MR. KLEIN

Zitat entfällt.

Mr. Klein (Monsieur Klein) ~ F/I 1976
Directed By: Joseph Losey

1941, im Vichy-Paris. Lebemann Robert Klein (Alain Delon), genießt die für Zeitgenossen wie ihn gewinnbringende Situation und schwelgt im Luxus. Als Antiquitätenhändler kauft er die wertvollen Besitztümer jüdischer Flüchtlinge auf, die das Geld dringend zur Emigration benötigen. Als ihm eines verkatertern Morgens ein verzweifelter Mann (Jean Bouise) ein Gemälde von van Ostade gezwungenermaßen zu einem Spottpreis überlässt, findet Klein ein Exemplar des Blatts „Informations Juives“ vor seiner Haustür. Peinlich berührt über das offensichtliche Versehen begibt sich Klein zur Präfektur, um dort sicherzustellen, dass er ganz bestimmt nicht jener Robert Klein sei, an den die Zeitung adressiert ist. Tatsächlich scheint es einen weiteren Pariser mit demselben Namen zu geben, der zudem allerlei physiognomische und auch charakterliche Ähnlichkeiten mit Klein, dem Kunsthändler, aufweist und der eindeutig jüdischer Abstammung ist. Klein spürt seinem offensichtlichen Doppelgänger nach und wird dabei zusehends paranoid. Immer häufiger kommt es in der Folge zu Verwechslungen auch seitens der Behörden, derweil Klein sich mit seinem „alter ego“ mehr und mehr identifiziert…

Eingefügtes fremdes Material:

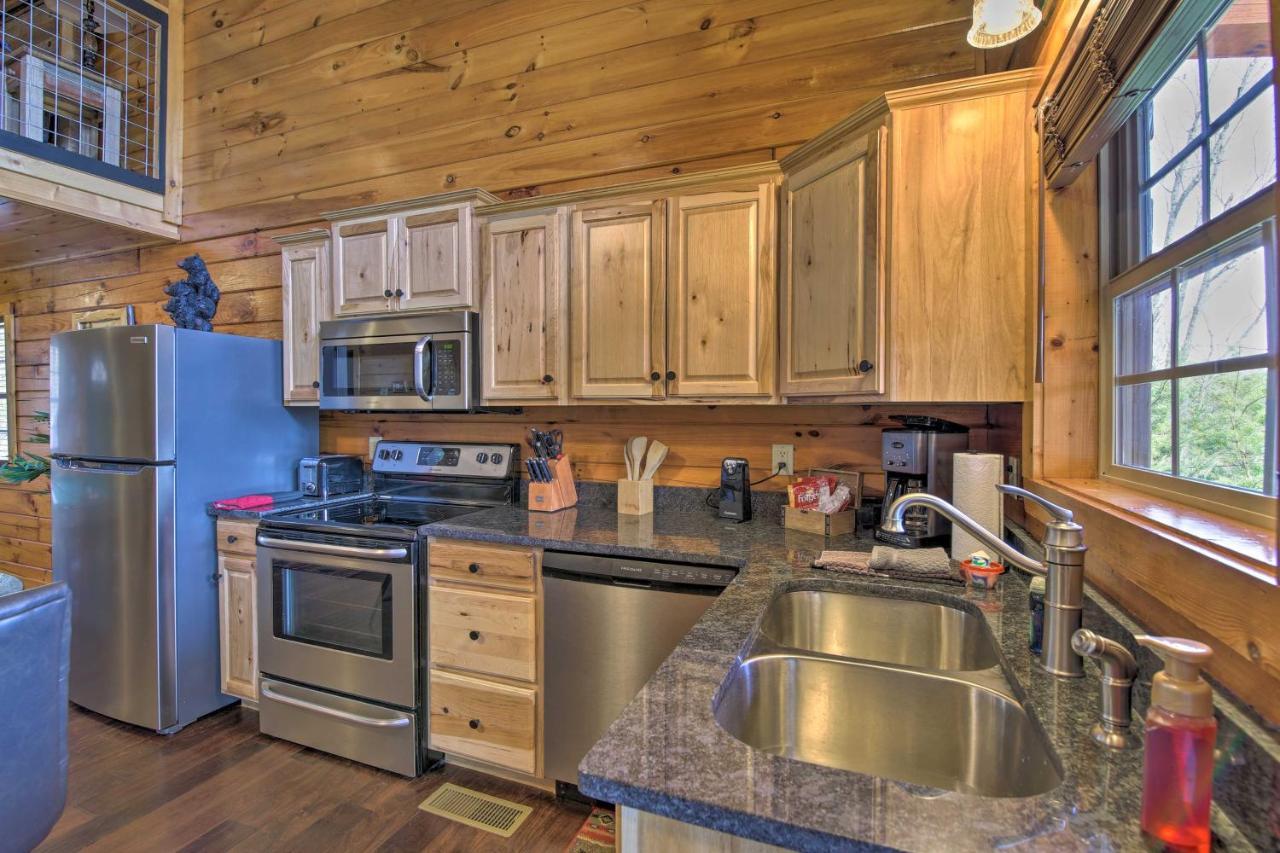 Gatlinburg Cabin With Pool Table And Hot Tub! מראה חיצוני תמונה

Von Delon selbst produziert, bildete „Mr. Klein“ vor allem für seinen Hauptdarsteller ein ersehntes Prestigestück, doch auch Losey, der als McCarthy-Flüchtling in den fünfziger Jahren zunächst nach England übergesiedelt war, um weiter als Filmemacher tätig sein zu können, konnte in seinem berückenden Meisterwerk einmal mehr persönliche Traumata aufgreifen und modellieren, nachdem Costa-Gavras aus dem Projekt ausgestiegen war. In Frankreich galt der Film bei seiner Veröffentlichung als mittlerer Skandal, da er als einer der ersten (nach Max Ophüls‘ als diesbezügliches Pionierprojekt geltendem „Le Chagrin Et La Pitié“) die Umtriebe der in den Nachkriegsjahren so gern als betont passiv kolportierten Stellvertreterregierung Pétain nachzeichnete. Die Pariser Behörden, Präfektur und Polizei, werden viel mehr als willfährige Erfüllungsgehilfen der Nazis porträtiert, die Judenverfolgung und -Deportation engagiert mittrugen. So zeichnet der Film etwa die von der Polizei im Juli 42 durchgeführte Razzia nach, im Zuge derer über 13.000 Menschen im Vélodrome d’Hiver zwischeninterniert und von dort aus wohlfeil organisiert in die Vernichtungslager weiterverfrachtet wurden. Auch Klein fällt dieser zum Opfer – mittlerweile gewandelt zum willfährigen, jüdischen Bürger, der seinem Schicksal mehr oder weniger stoisch entgegensieht. Der Weg zwischen dem misogynen Opportunisten und dem vom Vernichtungssturm mitgerissenen, stillen Beobachter seiner letzten Tage gestaltet sich als kafkaeskes Vexierspiel (Robert Klein als Josef K.), das Losey immer wieder mit surrealistischen, traumlogischen Momenten durchsetzt: Die Suche nach dem anderen Monsieur Klein gerät zur Verfolgung des eigenen Schattens. Niemals geraten die zwei Kleins in direkten Kontakt und doch ist er stets da, Klein N° 2, oft nur ein paar Meter weit entfernt und dann schon wieder weg. Die Wege der beiden Männer gleichen schließlich zwei Parallelen, die sich nie kreuzen können, sich aber durch den redundanten Versuch des einen, sein determiniertes Schicksal auszubremsen, doch wechselseitig verhängnisvoll beeinflussen, bis hin zur Abfahrt von Austerlitz in den Tod.